Dołączył: 24 lut 2016
Posty: 2392
Makusia napisał(a)


Eeeee...w sensie żeby na jednym zdjęciu była i półka i hortensjowa?
Zdjęcie hortensjowej, które wkleiłam jest aktualne.


No, albo kawałek chociaż hortensjowej i murkowej
____________________
Aneta-Ogród Nety- moje marzenie
inka74 15:08, 23 wrz 2016


Dołączył: 20 mar 2016
Posty: 15035
25 cm nie robi różnicy. Sadź drzewa, jeżeli ci się tam podobają. Ba tam się wręcz coś prosi większego na 3-4 metry wysokiego i w miarę sporego ale nie ogromnego np. docelowo rosnącego do 10 metrów czy 20. Drobnica tylko podkreśla jego wielkość. Murek wygląda na większy (na min. 40-50 cm) bo jest jasny a obok nic nie rośnie wyższego. Z murku zamiast się wylewać może być czymś zwiewnym podsadzone od dołu po bokach - jeżówki, lawenda, jednoroczne.
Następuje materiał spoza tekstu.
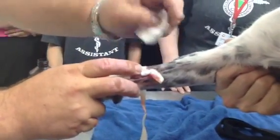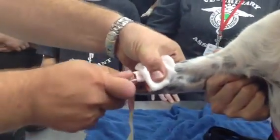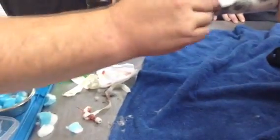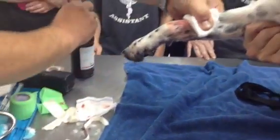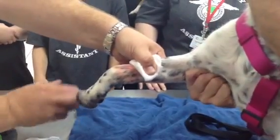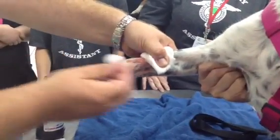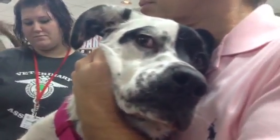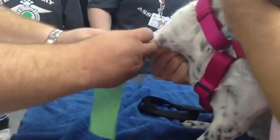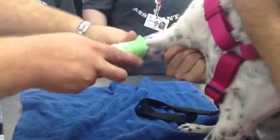See where the catheter goes in. Put pressure right above. Remove the catheter, and then clean around it. Just like when you go to your doctor and have blood drawn.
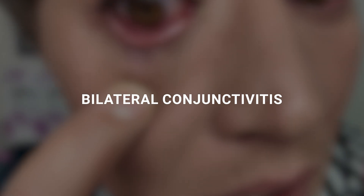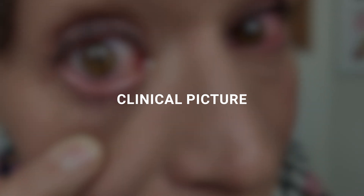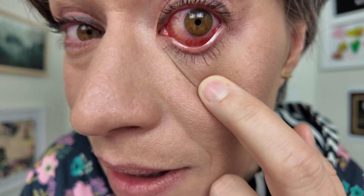I'm so excited today because I have the unique opportunity to show you bilateral conjunctivitis both clinically and under the microscope. So let's start with the clinical picture — one side and the other side.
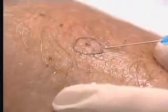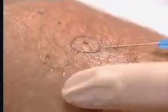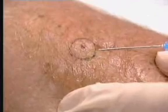Clean the area and apply a local anesthetic just around the mole. Once the area is frozen, pinch or pucker the skin to a small degree.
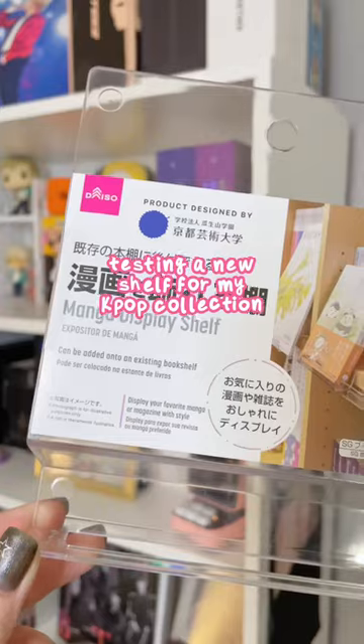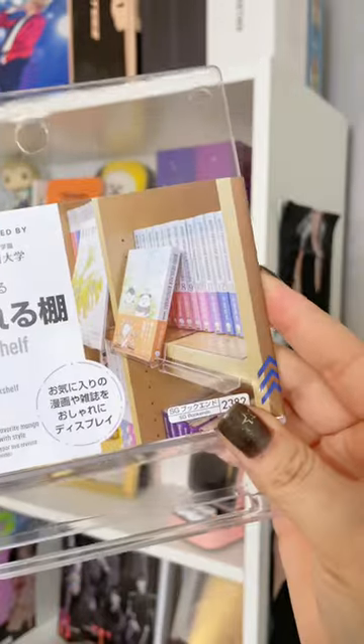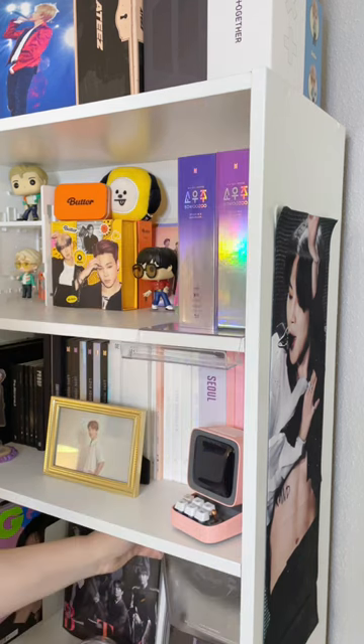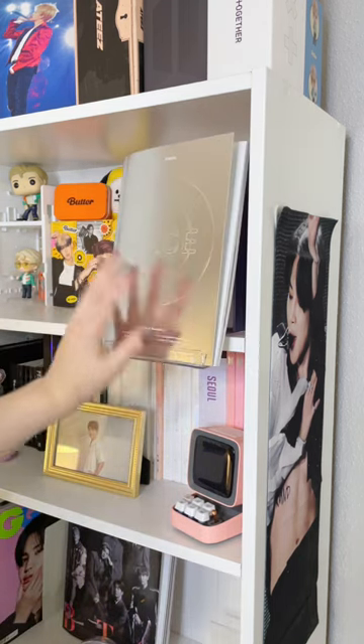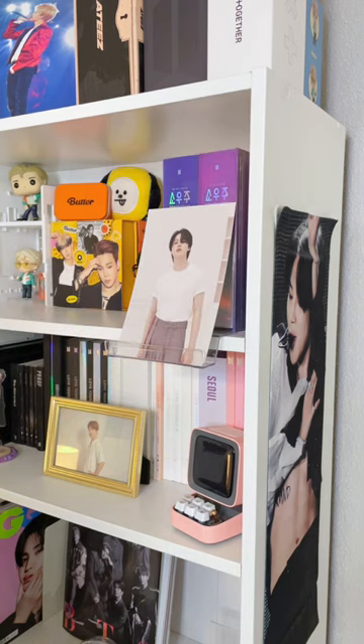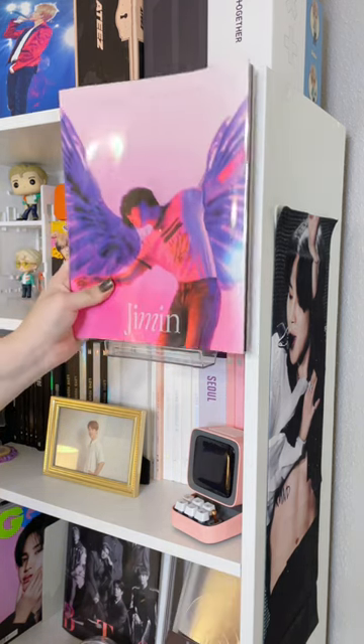I am always looking for new ways to display my collection, and when I saw these at Daiso I knew I had to try them out. Trust me, you need to put some weight on here before you start putting things on the ledge. I ended up testing a whole bunch of things because I wanted to see how the sizes looked and also how much weight it could hold.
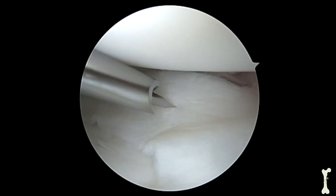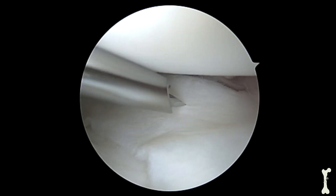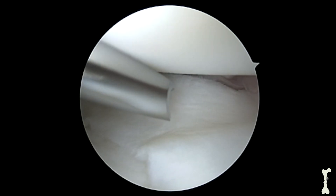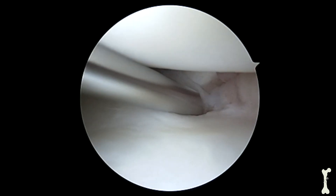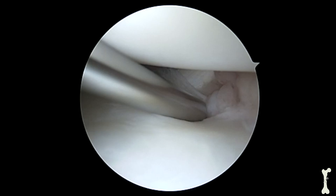Once the meniscus is placed back into the appropriate position, we can begin the repair. Here I'm using my metal cannula to place needles through the meniscus tissue, which will then be used to shuttle the suture.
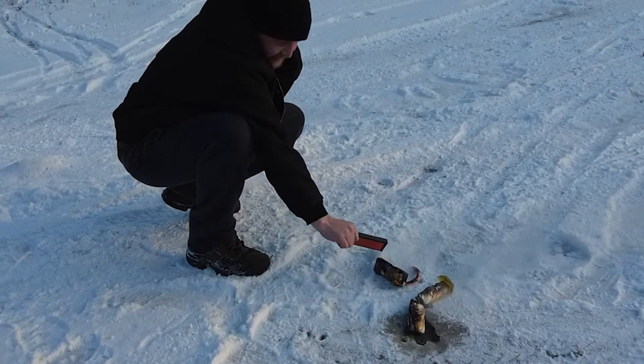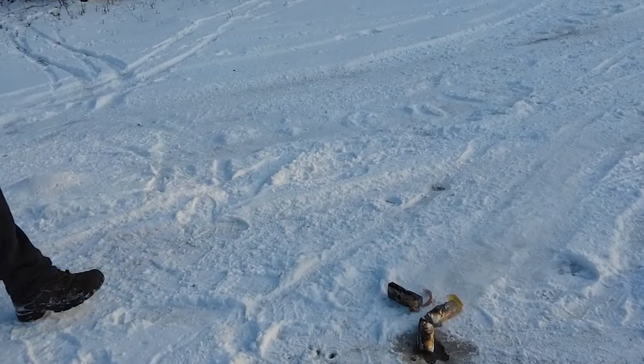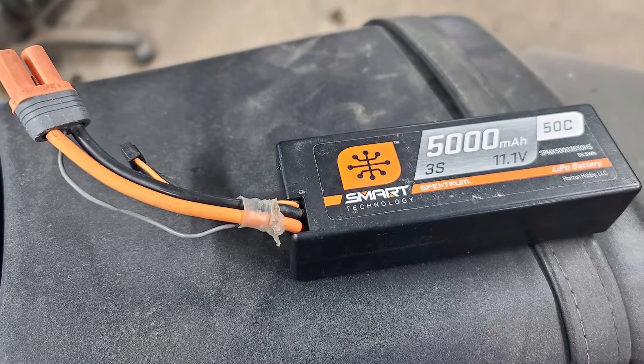That's insane. The amount of juice these things hold.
Hortki za rok już przysłonią zupełnie ten murek - limka mocno rośnie - do 1,2 - 1,5 metra. Posadź z drugiej strony coś, tak aby go zasłonić, a optycznie zmienią się proporcje tego narożnika. Przecież ostatecznie możesz zmniejszyć koło z trawnika tak aby przed murkiem powstała 30 cm rabata i wsadzić tam byliny lub kulkowaną lawendę czy zrobić na wiosnę pole tulipanów a potem jednoroczne (opcji 100 w zależności od stylu ogrodu). Wtedy w ogóle go nie będzie widać. Warunek - dobrze by miały ciemniejsze lub kolorowe liście. Ba nawet żurawka ta fioletowa pod nim by temat murku zlikwidowała - ładnie na tle by się odcinała a murek by przysłoniła.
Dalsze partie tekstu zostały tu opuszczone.